I- Action de grâce pour la vie du Vénérable Frère Gabriel Taborin

Dans l’évangile de la présente célébration eucharistique (Lc 10,17-24), le Christ Jésus ayant associé ses disciples à son œuvre de salut, exulte de joie et rend grâce à Dieu son Père qui révèle aux humbles et aux petits, les mystères du Royaume du Royaume : « Père, Seigneur du ciel et de la terre, je proclame ta louange : ce que tu as caché aux sages et aux savants, tu l’as révélé aux tout-petits. » Nous sommes donc invités à entrer dans la joie spirituelle du Christ et à rendre grâce à Dieu, pour son serviteur le Frère Gabriel Taborin dont la vie tout humble et cachée et les œuvres sont les signes d’une âme embrassée par Dieu.

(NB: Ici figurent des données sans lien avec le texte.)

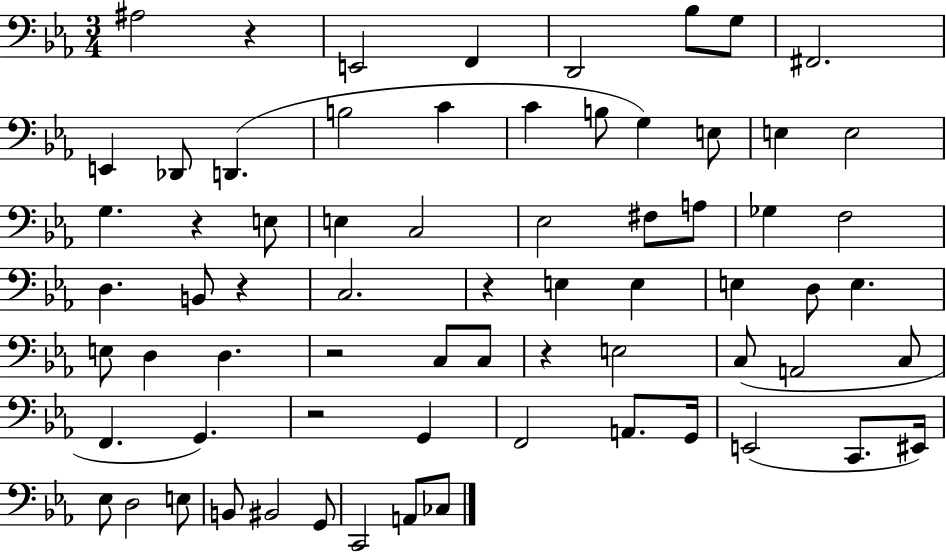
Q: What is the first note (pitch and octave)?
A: A#3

En effet, le récit de sa vie nous révèle sa Foi vive, sa piété sincère, sa fermeté inébranlable dans les épreuves, son amour de Dieu, sa grande dévotion à l’Eucharistie et à la Sainte Famille, sa profonde humilité, son zèle ardent et persévérant.

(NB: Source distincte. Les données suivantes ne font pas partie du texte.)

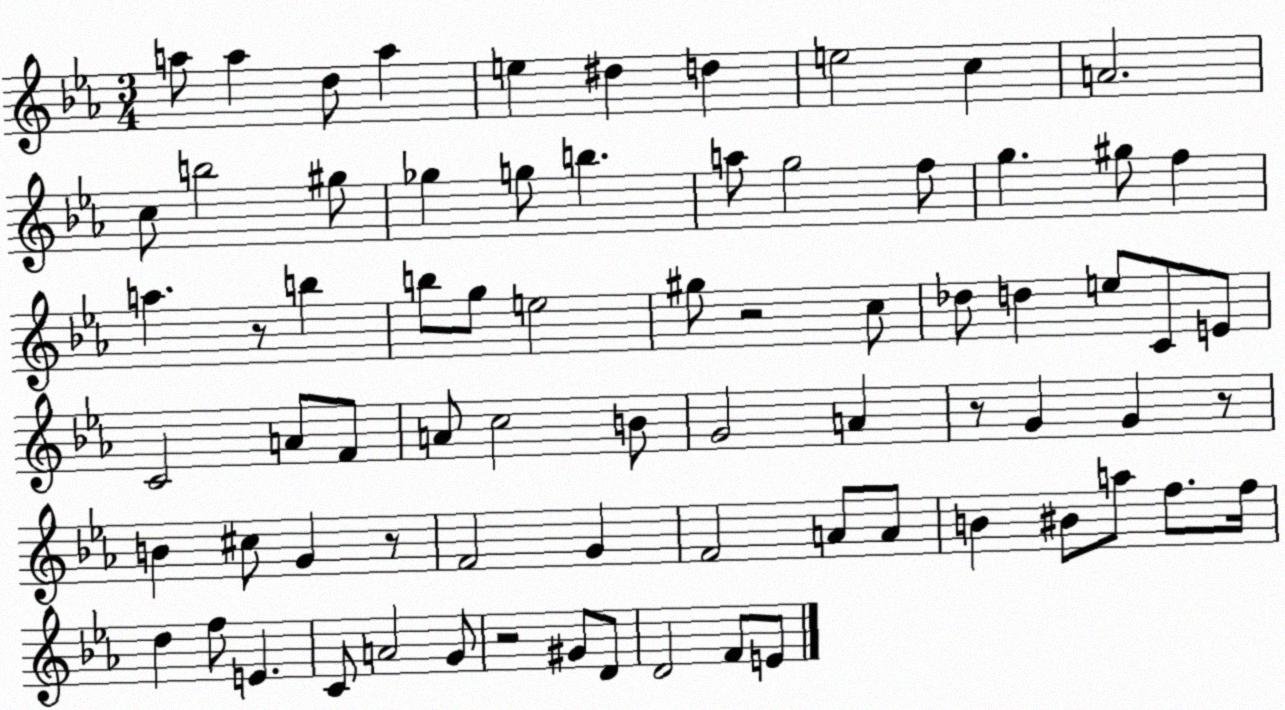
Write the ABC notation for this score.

Dans le panorama des vingt Congrégations de Frères fondées en son temps, en France, la sienne est la seule à avoir eu un fondateur qui soit mort Frère. Toutes les autres sont fondées par des prêtres, ou par des laïcs qui sont ensuite ordonnés prêtres, justement pour surmonter les difficultés auxquelles le Frère Gabriel a été affronté. Il a payé de sa personne tout le prix lié à son choix de religieux laïc. Pourtant il meurt “très satisfait”, remettant, sa Congrégation à Dieu: “O Dieu, faites que ce soit votre œuvre et non la mienne”. “Très content” d’être simplement Frère. Le Frère Gabriel proposa ainsi un chemin pour l’annonce de l’Évangile qui ne passe pas par l’apparence ni par la force sociologique des moyens et des rôles, mais par la simplicité d’une présence avec les gens et pour les gens, dans la ligne du service. Toute vocation est un don de Dieu pour le service à la suite du Christ « venu pour servir et donner sa vie en rançon pour la multitude ». (cf. Mt 20, 28). Son existence, tout à fait ordinaire, n’a été qu’une tentative de vivre l’Évangile. Plus que jamais est requise la sobriété dans les paroles. Et si l’on veut découvrir la ”Parole” évangélique qu’il a cherché à dire par toute son existence : c’est sans conteste l’appel à une fraternité universelle.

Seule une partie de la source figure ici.